Most well-trained agriculturalists have the intellectual capital that allows them to move between research, education and extension functions. Moreover, experience shows that each of these elements must be effective and interlinked for the agricultural sector to move forward. Specialists in institution-building have recommended a systems approach to coordinating and sequencing interlinked investments in agriculture's three pillars (research, extension and education). This approach has been variously called an agricultural knowledge system (Roling, 1988), an agricultural knowledge information system (FAO and the World Bank, 2000) and the agricultural knowledge triangle (Eicher, 1999). The Study Panel goes one step further and advocates a knowledge quadrangle, where linkages to farmers are given much greater prominence.

The development and diffusion of new technology is critically dependent upon the coordinated, cumulative performance of research, education and extension. Since the functions represent complementary investments, they should be planned and sequenced as a system rather than as separate activities. Also, since they are risky investments with long-term payoffs, the government is usually the main investor in all three pillars at early stages of economic development. Government investments in research produce public goods such as new technologies that generate spillovers and bring benefit to more than one socio-economic group now and in future generations. Thus a systems approach is needed to pragmatically craft agricultural knowledge systems that promote communication, interaction and cooperation between agricultural higher education, research, extension and the farmers.

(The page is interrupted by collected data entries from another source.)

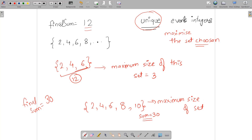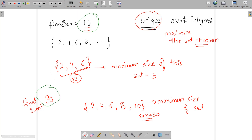You might ask: why choose consecutive integers like 2, 4, 6, 8, 10 rather than something like {4, 8} which also sums to 12? The reason is we need to maximize the set size, so we choose integers starting from the minimum value to include as many unique elements as possible.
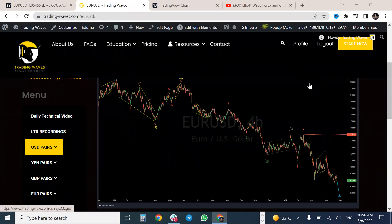Good morning traders, welcome to this week's Elliott Wave forex and cryptocurrency market analysis webinar. We've had two significant fundamental news events in the last week: the FOMC on Wednesday and the NFP on Friday. I'm mentioning this because I'm often asked what is the relationship between fundamentals and Elliott Wave theory, or do you trade fundamentals?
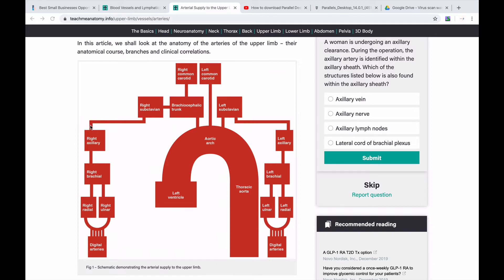After crossing the clavicle, the artery enters the axilla. The axillary artery is divided into three parts based on its relationship with the pectoralis minor muscle. The part above the muscle is the first part, the part behind the muscle is the second part, and the part below the muscle is the third part. So these three parts together make up the axillary artery.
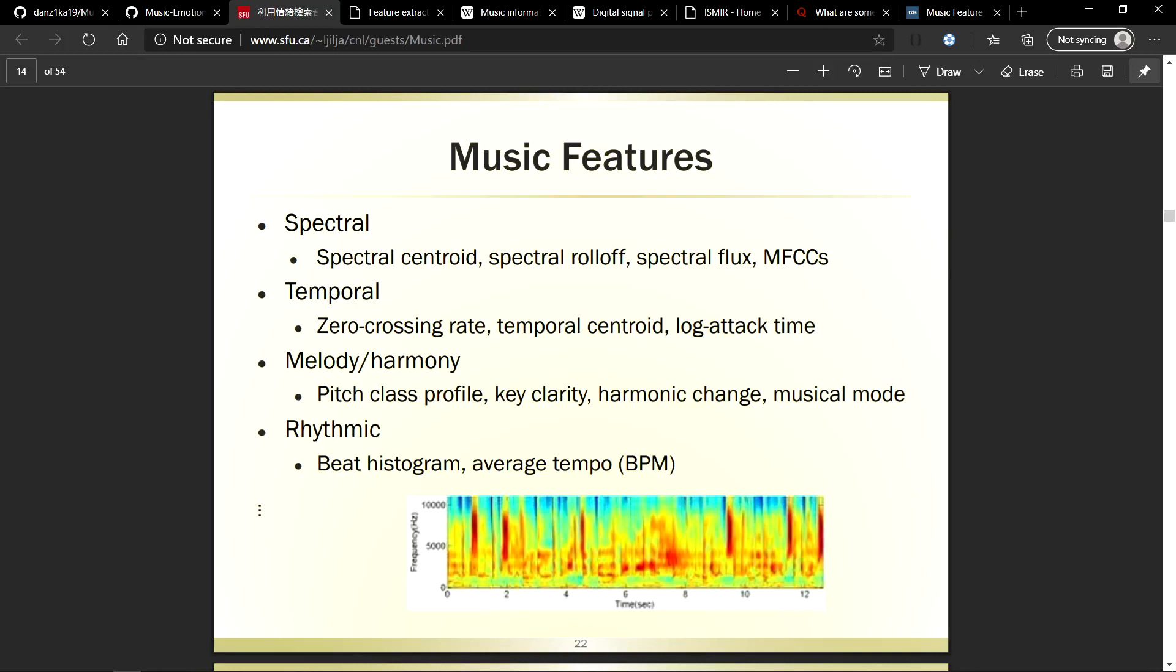A lot of confusion about this project is based on music features because many users do not understand what they are. The most commonly used features are spectral features which are time-based and temporal features which are frequency-based.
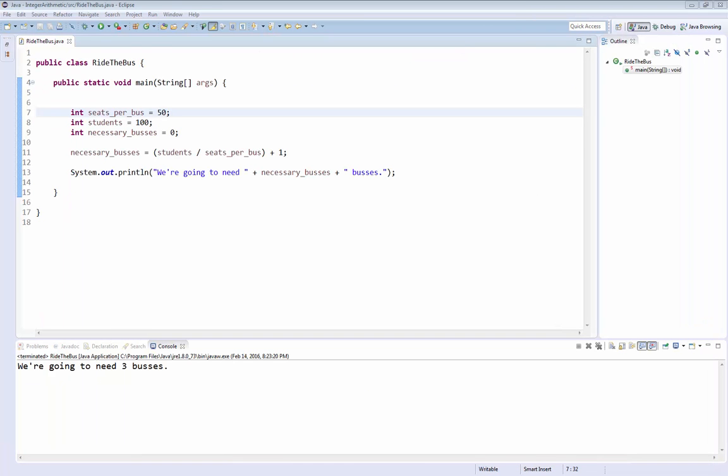Think about why just adding one doesn't work for all cases. Think about how you would modify this very simple program so that it would get the correct answer every time. The correct answer of buses in this case is two, and we're pretty sure that the correct answer for the number of buses in the previous case was indeed four, since we had some leftover students.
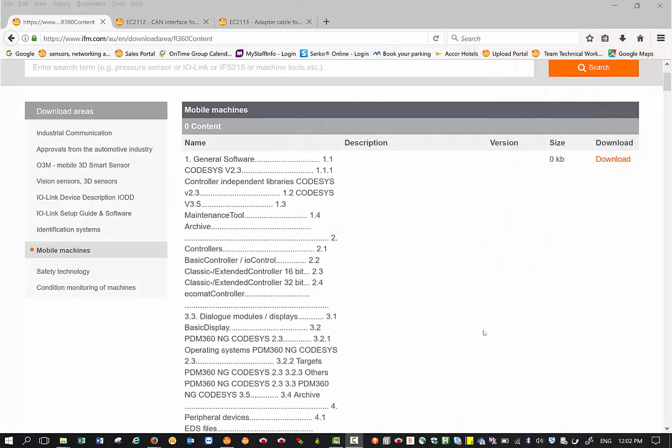Hello everyone, in this video today we are going to cover how we can use IFM maintenance tool to update the firmware on the basic controller, basic display, and the smart controller. But first we need to have the latest maintenance tool software.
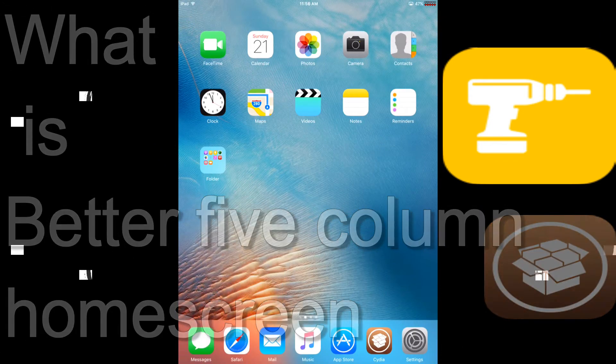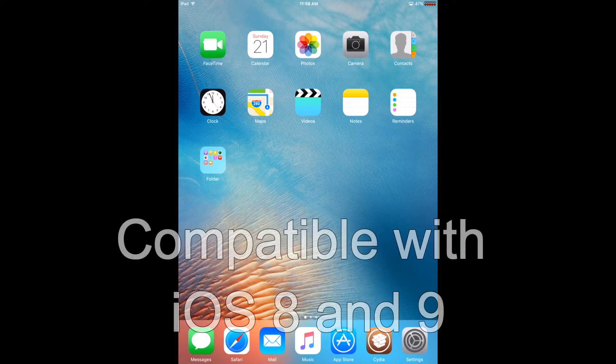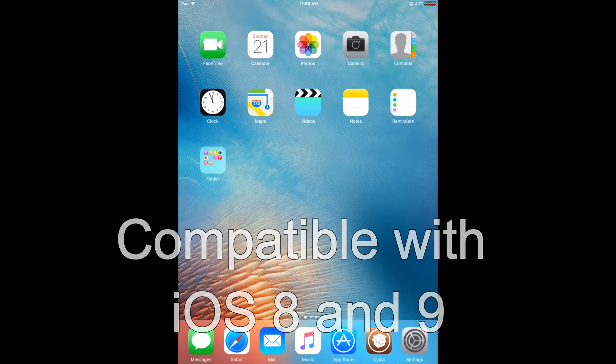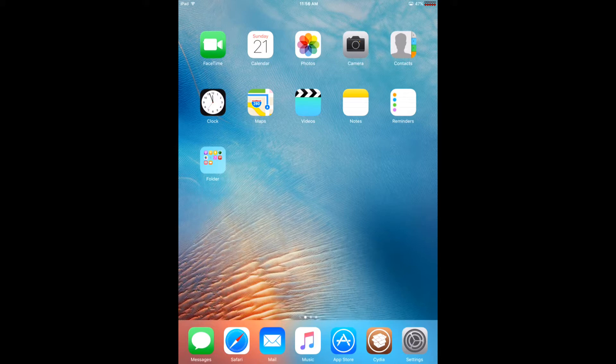This next suite is called Better 5 Column Home Screen, and what it does is basically give you up to five icons on your device. So if you have an iPhone or iPod, you can have more icons, more apps per page, and it's basically super simple.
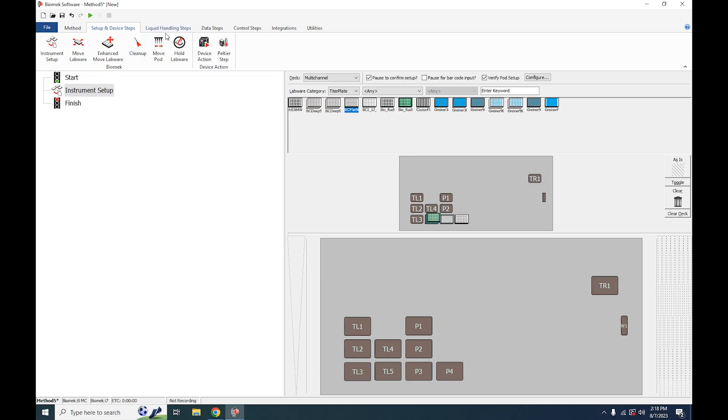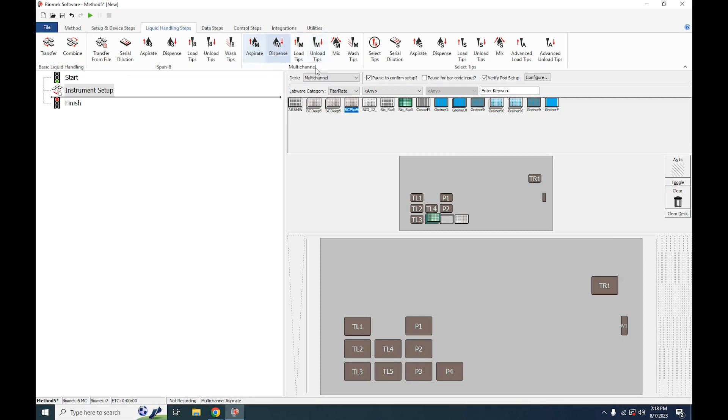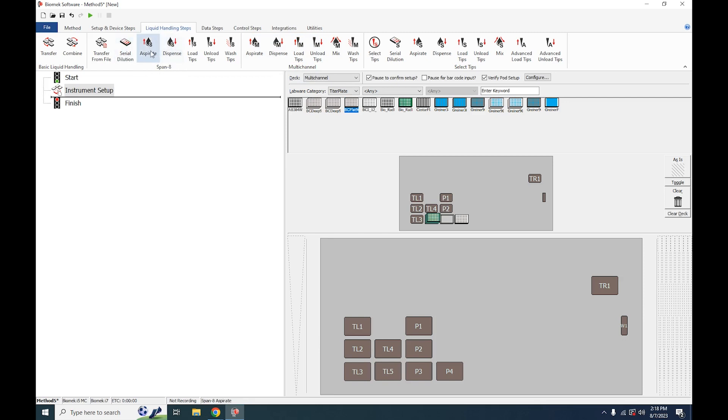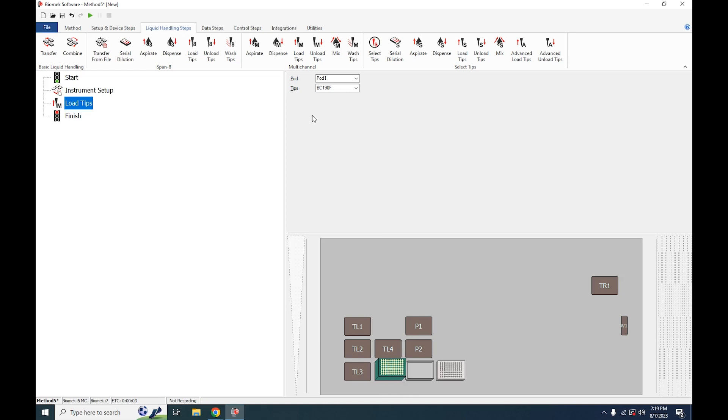Now we will go over to the Liquid Handling Steps tab, and the first thing we're going to do is load tips. Make sure you're loading tips from the multi-channel section if loading from a multi-channel pod, or the Span-8 section if you're loading from a Span-8 pod. All the icons will have the designation under them to indicate which one you've selected. Click Load Tips and then click on whichever tips you'd like to load, and this will automatically populate this dropdown menu with the correct option.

Despite this logic, most donors in Africa have persisted in pursuing a pillar-by-pillar approach to strengthening rural institutions. Why? A former extension specialist in the World Bank states (Venkatesan, 1991):

"The Bank's involvement with the development of higher agricultural education at the university level in Africa has been minimal . . . within the Bank, the agricultural divisions have no responsibility for universities, which are the responsibility of the education divisions . . . it is not therefore surprising that the Bank projects in extension and research do not provide support to higher agricultural education."

The World Bank made only three agricultural higher education loans in Sub-Saharan Africa from 1987 to 1997 (Willett, 1998). Nevertheless, the World Bank prides itself as being a 'knowledge organization.' The Bank may need to take steps to shore up its credibility on the issue.